▶ [Try it]
Once you find the line that contains "this 232×350 image.", write out that line and every line after it to the end of the records, exactly and with nothing else.

▶ [Records from a data source]
#####
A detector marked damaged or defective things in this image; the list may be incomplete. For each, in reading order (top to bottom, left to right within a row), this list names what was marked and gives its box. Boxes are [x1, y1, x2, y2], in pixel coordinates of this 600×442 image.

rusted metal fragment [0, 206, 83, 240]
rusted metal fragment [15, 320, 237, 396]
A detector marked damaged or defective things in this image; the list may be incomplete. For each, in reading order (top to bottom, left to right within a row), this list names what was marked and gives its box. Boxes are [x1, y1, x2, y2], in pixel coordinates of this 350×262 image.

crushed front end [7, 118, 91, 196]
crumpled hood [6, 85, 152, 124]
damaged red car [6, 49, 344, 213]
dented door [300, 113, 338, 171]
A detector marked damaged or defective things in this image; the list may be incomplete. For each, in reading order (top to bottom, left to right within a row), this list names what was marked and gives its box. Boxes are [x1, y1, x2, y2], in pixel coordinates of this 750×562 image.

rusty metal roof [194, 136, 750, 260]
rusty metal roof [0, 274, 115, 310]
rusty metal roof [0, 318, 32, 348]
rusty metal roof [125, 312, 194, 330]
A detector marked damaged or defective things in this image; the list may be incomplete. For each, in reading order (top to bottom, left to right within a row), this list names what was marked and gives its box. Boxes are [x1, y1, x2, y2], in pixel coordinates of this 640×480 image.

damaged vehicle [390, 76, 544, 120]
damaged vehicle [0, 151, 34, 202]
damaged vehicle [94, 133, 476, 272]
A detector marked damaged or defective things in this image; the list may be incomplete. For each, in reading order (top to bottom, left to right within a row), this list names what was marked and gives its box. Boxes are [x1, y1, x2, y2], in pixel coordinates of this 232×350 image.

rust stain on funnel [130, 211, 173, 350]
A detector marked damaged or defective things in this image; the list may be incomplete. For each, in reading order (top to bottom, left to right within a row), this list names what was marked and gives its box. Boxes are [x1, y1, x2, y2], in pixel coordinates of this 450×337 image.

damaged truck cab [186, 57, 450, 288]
#####
▶ [Answer area]
A detector marked damaged or defective things in this image; the list may be incomplete. For each, in reading order (top to bottom, left to right within a row), this list names what was marked and gives its box. Boxes are [x1, y1, x2, y2], in pixel coordinates of this 232×350 image.

rust stain on funnel [130, 211, 173, 350]
A detector marked damaged or defective things in this image; the list may be incomplete. For each, in reading order (top to bottom, left to right within a row), this list names what was marked and gives its box. Boxes are [x1, y1, x2, y2], in pixel coordinates of this 450×337 image.

damaged truck cab [186, 57, 450, 288]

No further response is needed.